El servicio meteorológico (y los termómetros) marcaban menos de cero grados, pero yo no tenía frío, o el frío no me importaba. Vivía fascinado y excitado. Fascinado por mi primer viaje a Europa y por el reencuentro con seres queridos. Y excitado porque a través de un contacto que nunca esperé tan eficaz, me habían concedido una entrevista con Juan Domingo Perón en la residencia de Puerta de Hierro para los primeros días de marzo.

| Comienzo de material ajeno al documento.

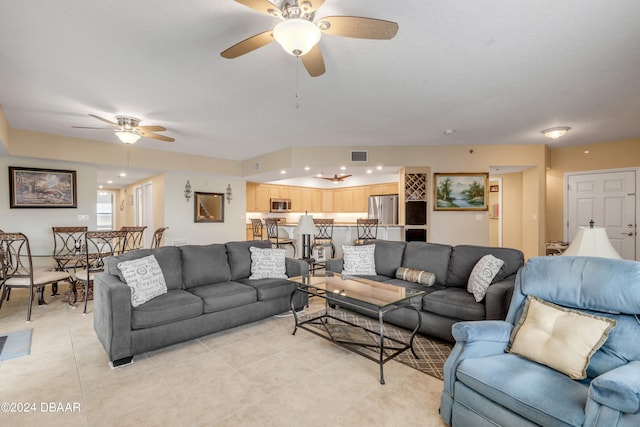 tiled living room with ceiling fan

La entrevista era mía. Para mí. Se me había concedido a mí. Es cierto que no a mí solo, porque iba a haber otros dos periodistas, pero también a mí. Y esa entrevista iba a ocurrir pronto, en los primeros días de marzo. Yo parecía y me sentía demasiado joven para tamaño desafío. Era trece años menor que Tomás Eloy Martínez en su clásica entrevista. Los días se sucedían interminables, y no pasaba hora del día sin que me lanzara a mi cuaderno para revisar una y otra vez el esquema del reportaje. Tenía miedo. Miedo de no estar a la altura, miedo al ridículo, y también miedo a que un día cualquiera me avisaran por teléfono que el reportaje se cancelaba. Tenía miedo.

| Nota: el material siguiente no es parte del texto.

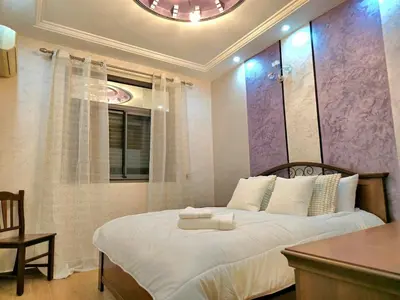 a bedroom with a bed with a table and a chair at Charming Fassi Stay, 5 min Center in Fès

Una mañana cualquiera el teléfono sonó y el reportaje se canceló. No lo canceló desde Puerta de Hierro la oficina de prensa de Perón. Lo canceló la sombra de la muerte. El llamado era de mi tía Rebeca para avisarme que mi madre estaba muy grave y que yo debía regresar a Buenos Aires. Fue lo que hice. Con esa llamada el reportaje se esfumó, pero en aquel momento me importó poco. Quizás sentí el alivio de quien se descarga de una pesada responsabilidad. No me importó ese día, ni en los días siguientes, ni después de la muerte de mi madre a principios de abril, y terminó no importándome en los años posteriores. Alguna vez, como recogiendo un hilo que había quedado suelto, intenté retomar el contacto y reavivar lo que había quedado trunco, pero fracasé. Y en verdad tampoco me importó mucho el fracaso de ese último intento. Yo era periodista, pero estaba experimentando un cambio de piel. Me estaba convirtiendo en un economista, y después en un historiador económico, y después en un historiador. Desde 1972, justamente el año en que Perón retornó del exilio, el periodismo había pasado a ser un recuerdo, una época hermosa de mi vida de la que guardaba anécdotas y amigos.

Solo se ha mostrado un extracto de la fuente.